Minimal, Automated, Self-Hosting installer for Fedora on Raspberry Pi 4B

MASH is an opinionated installer that automates Fedora KDE installation on Raspberry Pi 4 with UEFI boot support. It is destructive by design — it will completely erase and repartition your target disk.


⬇️ Download MASH

MASH is distributed as a single prebuilt binary for Linux aarch64 (for Raspberry Pi 4B).

🚀 User Path: Get Started in Seconds

  1. Download the latest binary: Go to the GitHub Releases page and download the file named mash-linux-aarch64.

    (For Raspberry Pi 4B users, this is the binary you need.)

  2. Make it executable and run: Open a terminal, navigate to your download directory, and run:

    chmod +x mash-linux-aarch64
    sudo ./mash-linux-aarch64

    (Remember, MASH needs sudo for disk operations.)

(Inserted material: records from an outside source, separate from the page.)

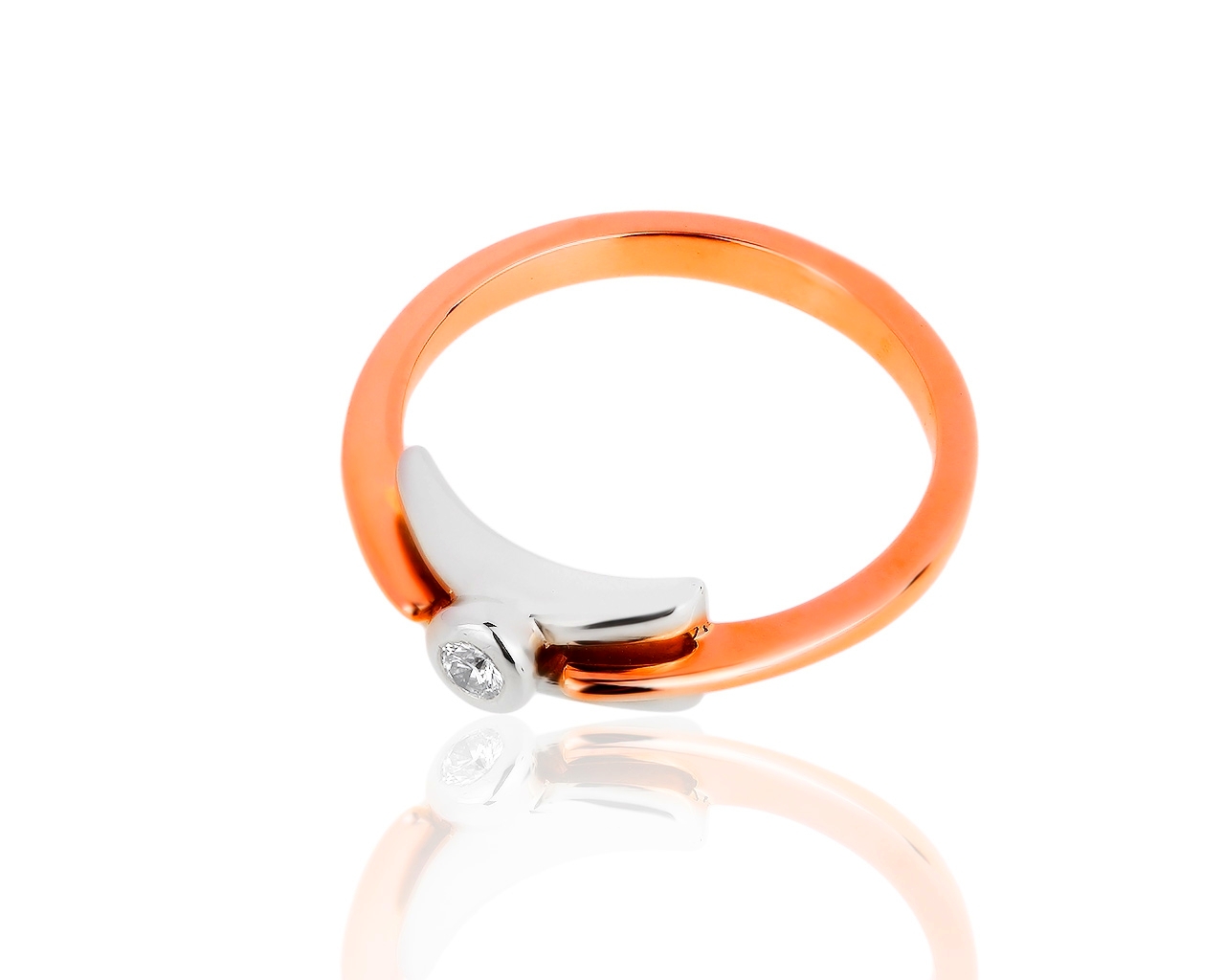 Стильное золотое кольцо с бриллиантом 0.05ct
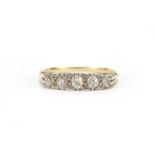 18ct gold diamond five stone ring, size K, approximate weight 2.6g : For Further Condition Reports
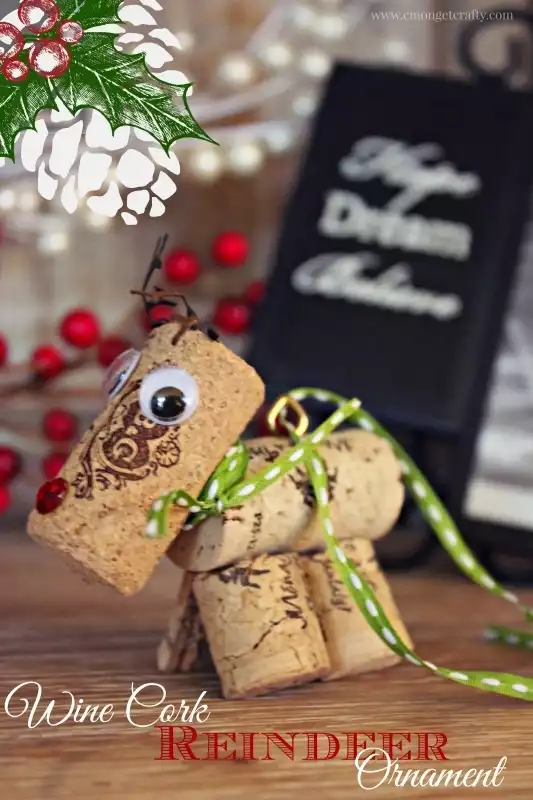 DIY Wine Cork Crafts Reindeer Ornament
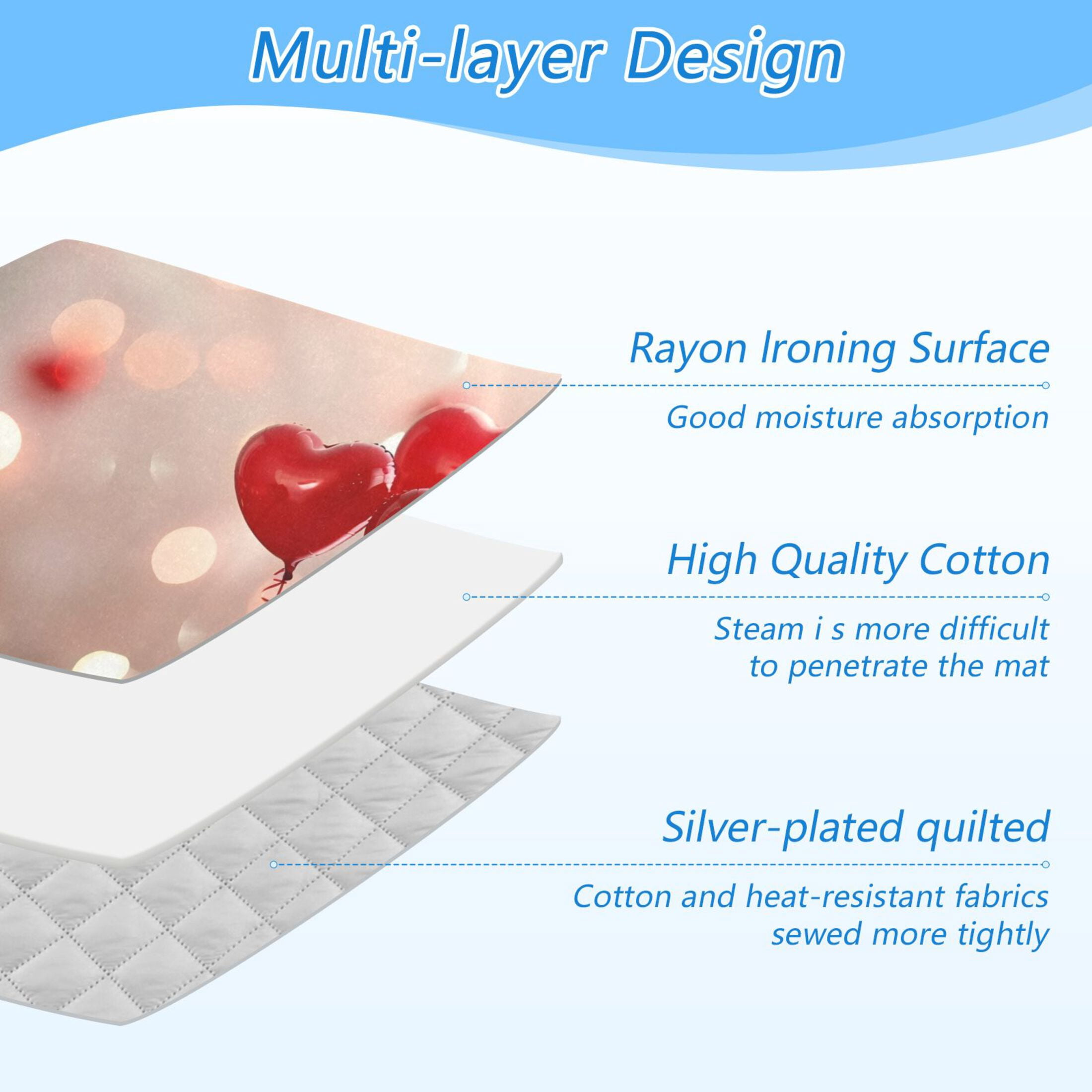 Heart Shape Balloons Gifts Spots Valentine Ironing Mat Blanket Portable Travel Ironing Pad Heat Resistant Pad 47.2" x 27.6”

💻 Developer Path: Build from Source

If you prefer to build MASH yourself, or are developing for it, see the "Building from Source" section below. This requires the Rust toolchain.


✨ What MASH Does

  • 📥 Downloads OS Images — Automatically fetches images for Fedora (KDE, Xfce, LXQt, Minimal, Server), Ubuntu (Server/Desktop), Raspberry Pi OS (Lite/Desktop), and Manjaro (ARM).
  • 🗜️ Decompresses — Safely extracts .raw.xz.raw (or similar formats).
  • 🔄 Loop-mounts — Mounts the source image for filesystem-level copying (handled via mash-hal).
  • 💾 Installs via rsync — Copies system files preserving permissions and attributes (handled via mash-hal).
  • 🔧 Configures UEFI boot — Ensures EFI/BOOT/BOOTAA64.EFI is correctly placed.
  • 🌍 Applies locale settings — Configures keyboard layout and language.
  • Supports MBR and GPT — You choose the partition scheme, guided by OS-specific rules.

🚀 Two Ways to Run — Always Starts in SAFE MODE

MASH is designed for safety. It always starts in [SAFE MODE], where destructive actions are prevented. You must explicitly arm the installer to proceed with any modifications.

1. Interactive TUI Mode (Recommended for one-shot install)

Launch the Dojo UI — it guides you through every step:

sudo mash

You will be prompted to ENABLE DESTRUCTIVE MODE by typing DESTROY before any disk modifications.

2. CLI Mode (For Scripting — Only use with ---armed flag)

Fully automated installation with command-line flags. This mode requires explicit --armed flag to perform destructive operations.

sudo mash flash \
  --disk /dev/sda \
  --scheme mbr \
  --download-image \
  --download-uefi \
  --auto-unmount \
  --armed \
  --yes-i-know

⚠️ WARNING — DESTRUCTIVE OPERATION

This installer DESTROYS THE TARGET DISK.

MASH is designed to protect your running system and boot media. It starts in [SAFE MODE], where no destructive operations can occur. You must explicitly type DESTROY to switch to [ARMED] mode before any disk modifications.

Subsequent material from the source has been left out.